_Directions for this task_.
Under this line is a listing; return exactly the lines starting at the one with "Anna Frozen Deluxe Women's Disney Costume" and running down to the one with "Großer Katzenball - Gratis ab 30 €", and leave out its pictures.

_Records to use_.
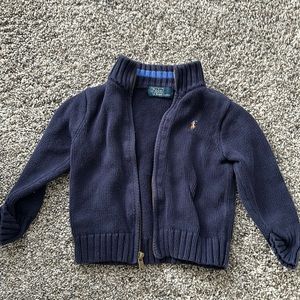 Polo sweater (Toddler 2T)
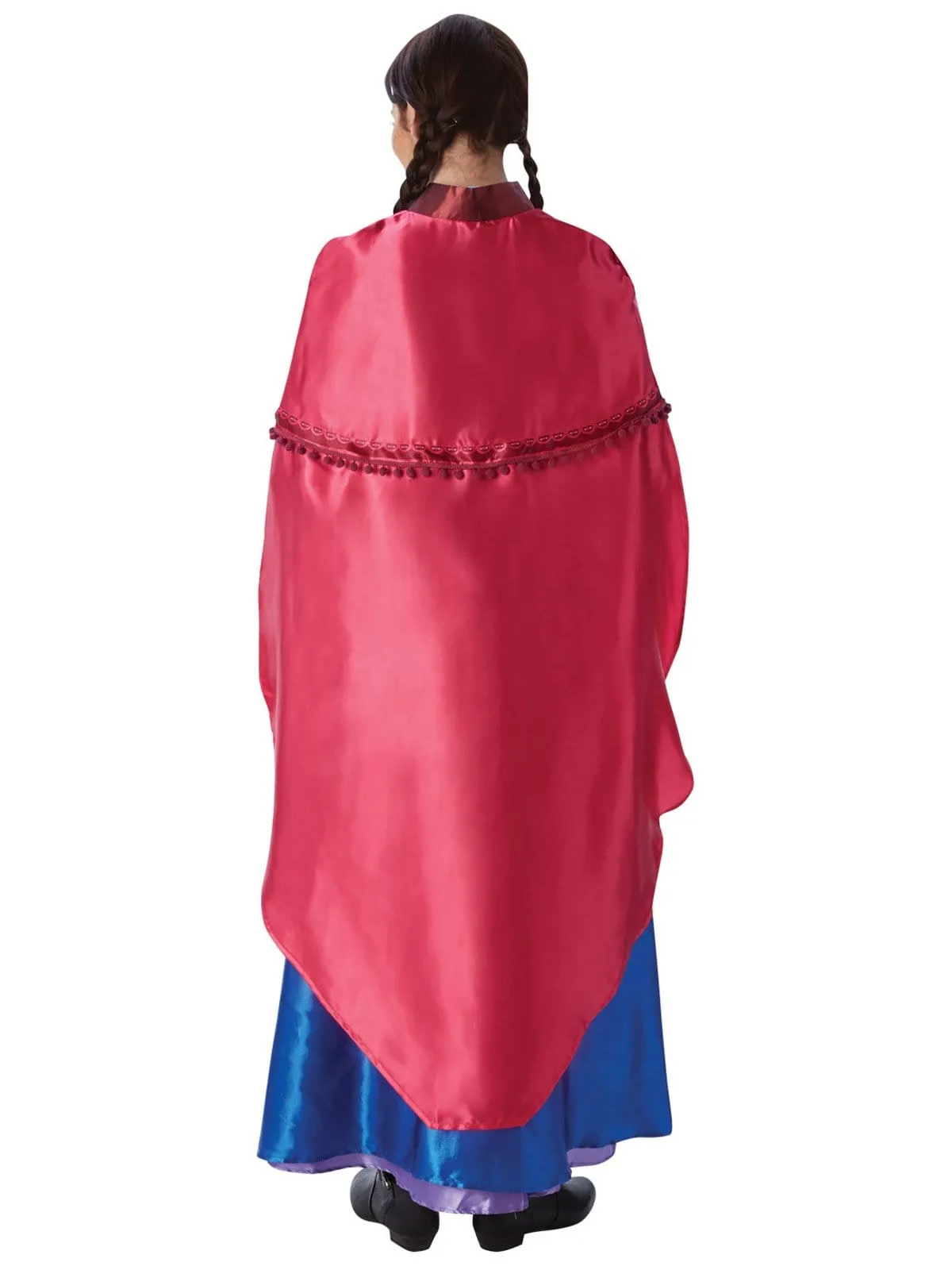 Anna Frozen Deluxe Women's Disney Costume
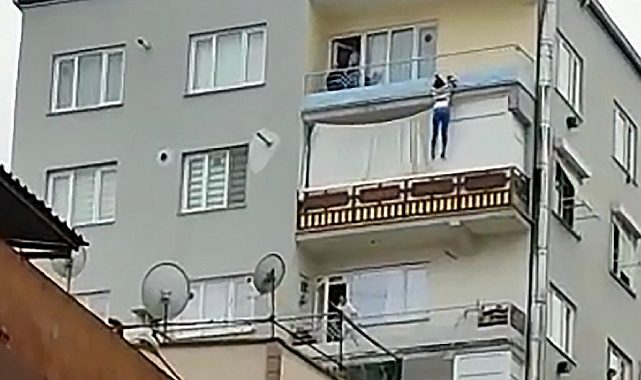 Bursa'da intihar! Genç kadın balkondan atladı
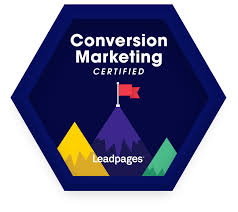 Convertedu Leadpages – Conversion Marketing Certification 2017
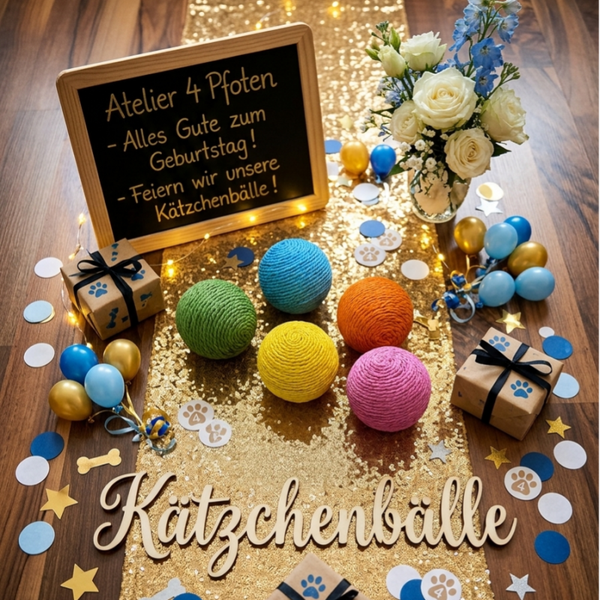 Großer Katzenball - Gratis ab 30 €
...
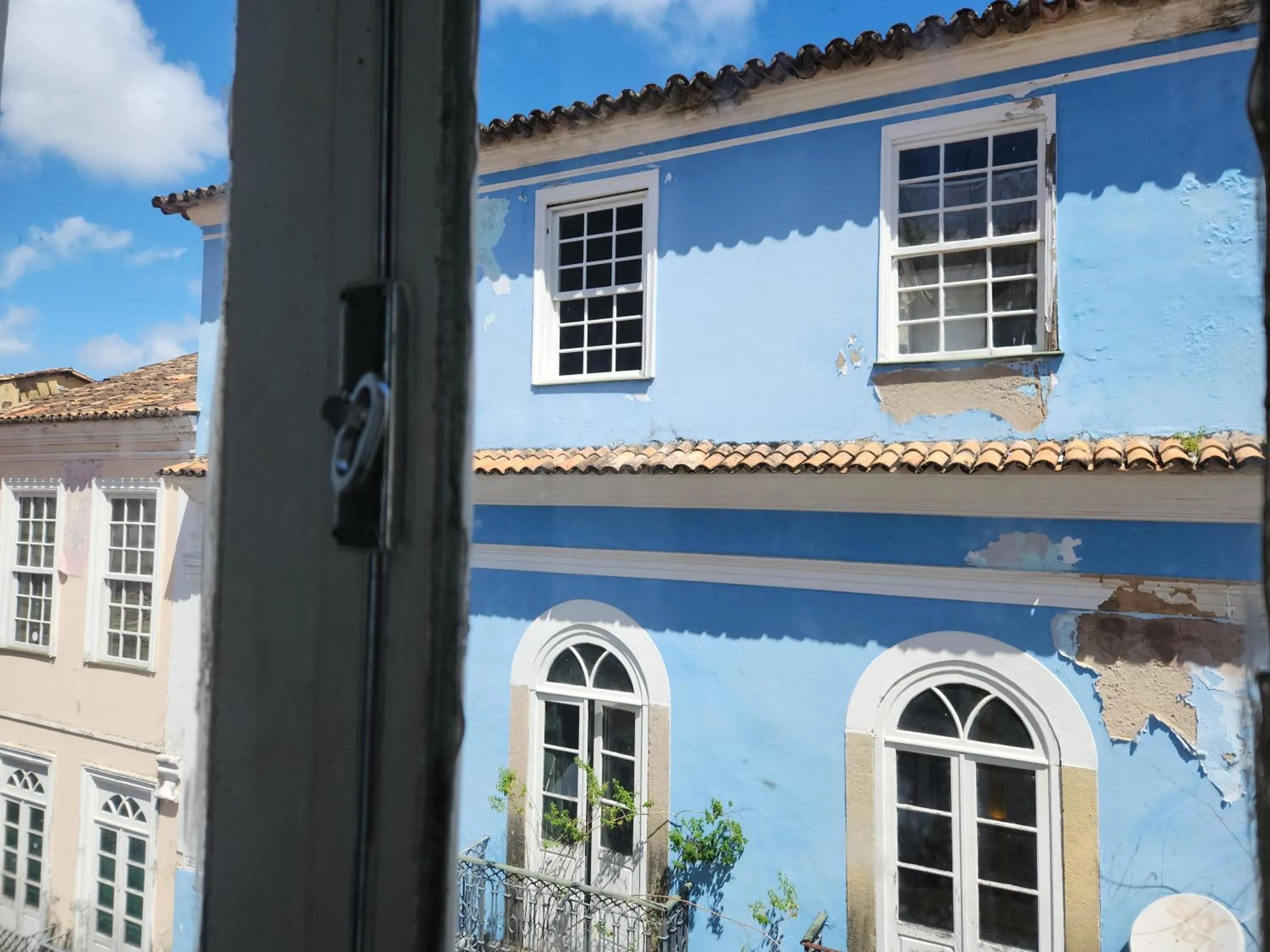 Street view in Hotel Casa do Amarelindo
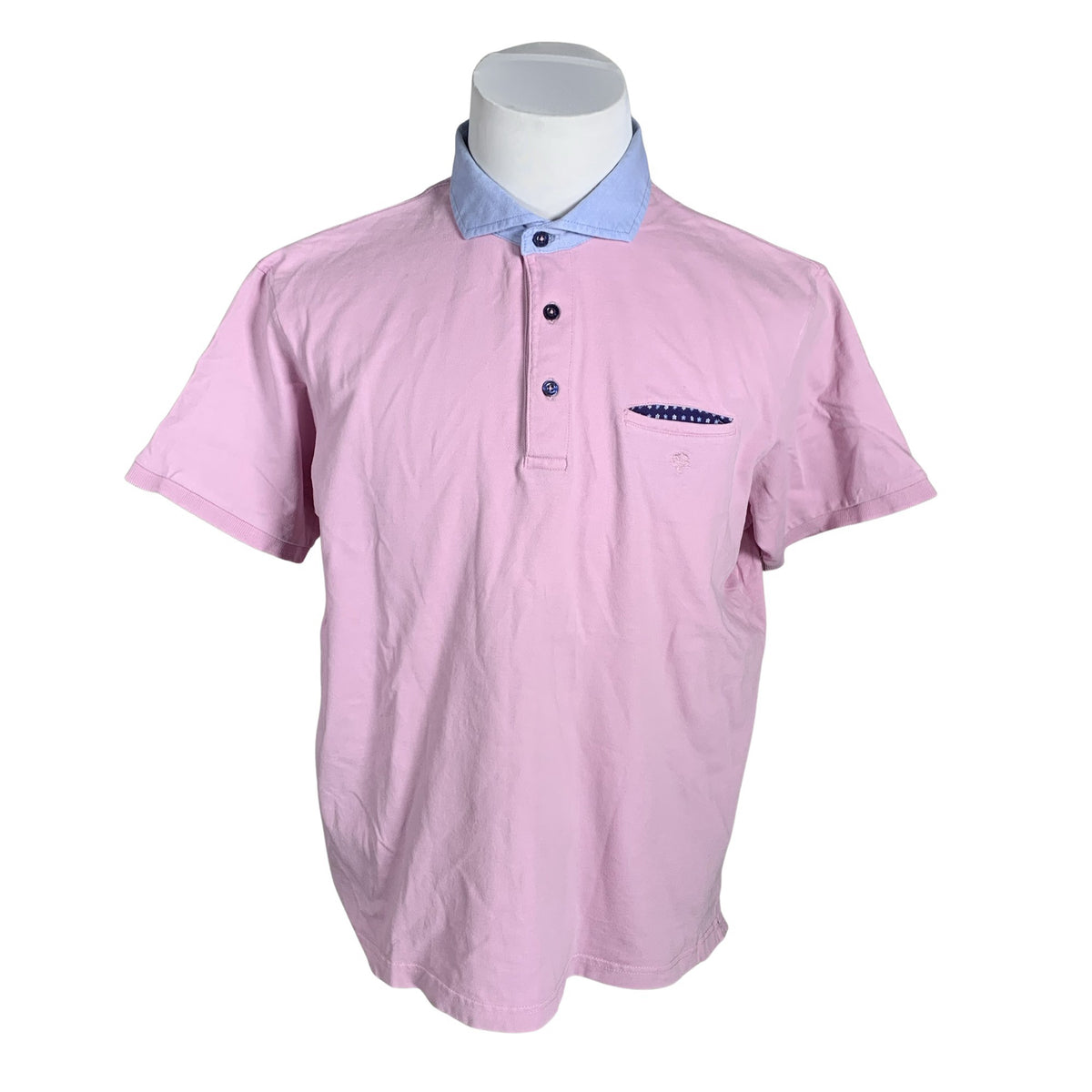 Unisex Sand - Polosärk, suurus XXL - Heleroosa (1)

_Task result_.
 Anna Frozen Deluxe Women's Disney Costume
 Bursa'da intihar! Genç kadın balkondan atladı
 Convertedu Leadpages – Conversion Marketing Certification 2017
 Großer Katzenball - Gratis ab 30 €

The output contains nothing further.